Legislators in all of our towns and our three counties are sweating and sputtering over their budgets to try to present something that their taxpayers can live with. The state must do the same.
While legislators in Clinton, Essex and Franklin counties have all recorded gains against the tax levy, we get the impression that the state is not applying the same elbow grease.
In fact, not everybody seems to want that elbow grease applied. We received a Letter to the Editor the other day from a representative of an agency relying on state funding scolding us for decrying the lack of vigor on the state's part in trying to pare costs. Those costs are necessary for the continued functioning of agencies to provide services important to their clientele, the writer argued. Cutting costs would be imprudent — maybe even inhumane.
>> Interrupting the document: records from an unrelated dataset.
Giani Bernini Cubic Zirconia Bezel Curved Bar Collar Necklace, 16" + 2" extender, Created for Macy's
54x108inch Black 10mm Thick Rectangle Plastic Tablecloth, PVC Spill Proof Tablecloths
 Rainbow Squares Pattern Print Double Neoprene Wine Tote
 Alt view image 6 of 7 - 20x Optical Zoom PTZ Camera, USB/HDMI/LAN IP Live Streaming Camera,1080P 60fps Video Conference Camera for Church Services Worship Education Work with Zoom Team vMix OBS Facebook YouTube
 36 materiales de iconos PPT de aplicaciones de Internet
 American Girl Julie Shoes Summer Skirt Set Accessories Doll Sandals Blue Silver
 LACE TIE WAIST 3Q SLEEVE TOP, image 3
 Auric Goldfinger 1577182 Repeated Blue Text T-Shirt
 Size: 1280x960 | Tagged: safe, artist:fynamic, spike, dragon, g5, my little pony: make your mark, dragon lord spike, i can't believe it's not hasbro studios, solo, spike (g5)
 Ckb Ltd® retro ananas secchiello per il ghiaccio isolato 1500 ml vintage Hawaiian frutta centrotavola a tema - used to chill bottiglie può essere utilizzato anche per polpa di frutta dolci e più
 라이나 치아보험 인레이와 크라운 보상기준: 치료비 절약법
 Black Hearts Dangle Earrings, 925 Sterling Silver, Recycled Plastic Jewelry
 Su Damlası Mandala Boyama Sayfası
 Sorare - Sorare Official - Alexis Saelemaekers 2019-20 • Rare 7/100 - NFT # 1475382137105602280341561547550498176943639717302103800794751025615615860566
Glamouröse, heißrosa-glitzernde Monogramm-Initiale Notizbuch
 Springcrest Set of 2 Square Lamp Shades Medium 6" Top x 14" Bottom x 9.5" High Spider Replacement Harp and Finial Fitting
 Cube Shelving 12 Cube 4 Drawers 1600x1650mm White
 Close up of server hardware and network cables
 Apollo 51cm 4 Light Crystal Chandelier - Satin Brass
A great divergence of opinion has emerged on that point, with the interests of taxpayers weighed against the interests of service recipients. No magic exists, in Plattsburgh or Albany, to preserve all the services now offered while producing a budget that can be afforded. Gov. Paterson has been saying for months that pain would be involved in fashioning a palatable budget, and the time to confront that pain is now.
In times of lost jobs and wage freezes, the last thing the public can abide is an increase in taxes.
Clinton County is proposing an increase in the tax levy of less than 1 percent and a tax rate that would actually decrease by 10 cents per $1,000 of assessed value. If the assessment on a homeowner's property didn't increase, the tax bill would be less than this year's.
Franklin County has imposed a spending freeze in getting the tax levy down from an 18.1-percent increase to 4.3 percent. One of the contributors is tapping the county's fund balance, which is a trick that can't be used often. Depending on how much is taken, it could be a one-time source.
Essex County, too, has applied a large portion of its fund balance to help manage its tax levy. County Manager Daniel Palmer has warned supervisors that this is not a sustainable practice.
In all three counties, there is a sincere, almost desperate effort to give taxpayers a budget that won't add to their burden. Revenues from sales tax are diminished because the economy is keeping people from spending. Without those sales-tax revenues, the counties are in a negative cash-flow situation.
The state is similarly contending with a loss of revenue but seems more focused on finding more revenue than cutting expenses, which is not sound budgeting at this point in our history.
We are not in a period in which the status quo on spending is acceptable. The economy cannot recover if too much of each citizen's money is usurped by taxes.
We simply cannot afford government at its current rate of spending.